JUST PLUM FULL OF FLAVOURS
JUST PLUM FULL OF FLAVOURS
From Prolifics and Purple Pershores to
Damsines and Warwickshire Droopers,
the Bearman family pick a season of
succulent plums. Jacqueline Sarsby
gives a taste of the crop
IT IS more than 80 years since Mrs Ena Bearman first watched the plums ripening at Lea Court Farm down by the River Severn. She and her husband grew plums in the orchards where her father, John Daniel Pockett, grandfather, Daniel John Pockett, and great-grandfather, Daniel Pockett, grew them before.
Fruit abounds on the lush, flat land, south of the city of Gloucester, and the villages are famous for their plums. Now, Enas son, John Bearman, looks after their 6ha (15 acres) of plum, pear and apple trees, and raises cattle on the rest of their permanent pasture.
John takes most of the fruit to the wholesale market in Bristol, but always picks enough plums for Ena to sell at the farm gate, or rather, in the tractor shed in the little courtyard behind the farmhouse.

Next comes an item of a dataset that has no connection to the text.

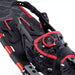 Tubbs Men's Panoramic 30 Snowshoe in Black and Red, detail view of the boa closure and heal strap..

The different varieties of plum come in sequence, which provides a long season for picking, from late July until well into September. It also allows for the fickleness of the weather, as in any year, some kinds of plum may fail – caught by the frost, or by wet, blustery weather when the bees should be working – while other plums may prosper.
* Lovely names
Ena lists their lovely names, some of them so local that few customers would know them. The season starts with Rivers Early Prolifics, an old, dual purpose plum, good to eat and "a real, plummy colour," says Ena. At the beginning of August, the Smiths Pruens ripen. This is a small, round, very dark purple plum, almost black, which is said to grow only around the neighbouring villages of Framilode, Epney and Longney.
"If you get some suckers from this tree," Ena says, "theyll come true to the variety."
At roughly the same time, John picks Czars and Rowles. The Rowle is another local plum, similar to the Prolific, very round, but drier in texture and excellent for freezing. In August, the orchards are laden with the lovely, purple, Belle-de-Louvaines, the Blaisdons (which are called Blaisdon Reds across the River), Purple Pershores, Greengages, Victorias, and Ponds Seedlings.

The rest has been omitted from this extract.